Her mother-in-law was the opposite, a woman who lived entirely for her son, and even less did she please her.
The funniest thing is that in the final season, her son Zack brought back a fiancée and issued a new feminist manifesto as soon as they met: "Some people think that it is a step backwards to stand next to men, but feminism means that women can do whatever they want to do – even if all she wants to do is stand by her husband's side and be a virtuous wife." 」 ”
The writers refused to give Alicia a happy ending. She admits that she doesn't love the investigator named Jason, and while he's sexy and charming, he's too shallow and too childish. For her, he was at best a consolation prize, a lonely solution rather than a source of happiness.
The apartment she once loved was now cold and desolate. She even withdrew from her motherhood. Faced with her son's decision to drop out of school to spend time with his fiancée in Paris, her reaction was: "Let him make his own mistake." ”
She personally ruined her friendship with Diane. Together, they could have opened a female-dominated law firm, and Diane had been her strongest ally, her ideal for life.
Seven years ago, the show started with a slap and now ends with a slap. The last time she stood by her husband's side, but this time, she didn't stand to the end. In the same empty aisle, Diane stood in front of her, giving her a hard slap for her previous betrayal in court. This slap reminds us of seven seasons ago, when she first appeared, a younger, more innocent woman gave her husband a slap.
The screenwriter said Alicia's education was a tragedy. Diane's last slap was a "wake-up call" to wake her up, and in 7 years, she went from victim to perpetrator. For her own benefit, she can hurt others in the way she was hurt.
But after receiving Diane's slap (as she did at the beginning of the play, after she slapped her husband in the face), she once again straightened her clothes and walked out with her head held high.
The action of tidying up the placket and hiding emotions is very familiar to us.
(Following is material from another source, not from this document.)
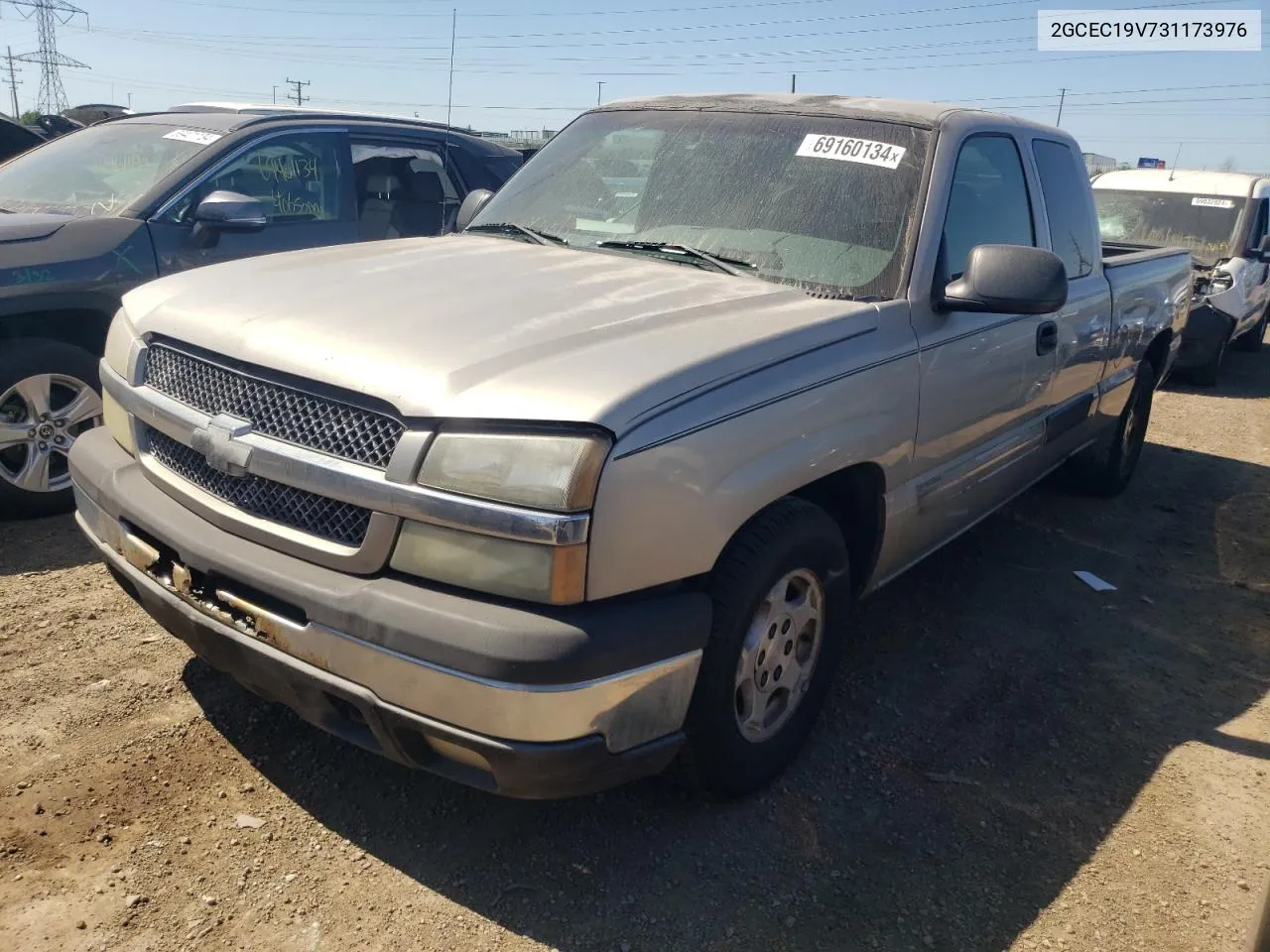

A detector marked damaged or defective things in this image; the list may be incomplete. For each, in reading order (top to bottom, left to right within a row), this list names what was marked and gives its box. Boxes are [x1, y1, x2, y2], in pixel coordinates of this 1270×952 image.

cracked windshield [0, 121, 211, 216]
cracked windshield [472, 109, 929, 299]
And the strange confusion in her eyes reminded me of a conversation she had had with her husband's presidential campaign manager, Ms. Ruth.
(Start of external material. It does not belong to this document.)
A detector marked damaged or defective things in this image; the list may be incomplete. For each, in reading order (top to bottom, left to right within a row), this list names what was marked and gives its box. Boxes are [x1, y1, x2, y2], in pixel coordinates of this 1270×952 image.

Alicia: "I used to think I knew what life was like, but now I find that I don't have a clue. ”
Ruth: "Cherish that moment." When you realize that you don't know life, that's the truth. ”
Alicia: "Do you think you'll be happier?" If you chose to go left or right, up or down. ”
Ruth: "No, you can't control your destiny. It's all in your genes. Can't change. ”
Alicia: "You mean, whatever I do, or don't do, I'm destined to be here?" ”
Ruth: "Maybe not here, but it's pretty much the same place." Every fork in life has a cliff. No matter how you walk, take the road that few people take, you will still go to that cliff. ”
At that time, she did not understand that happiness and controlling fate were contradictory to some extent, and that the rudder of the mind was too tightly controlled, but it would lose its direction.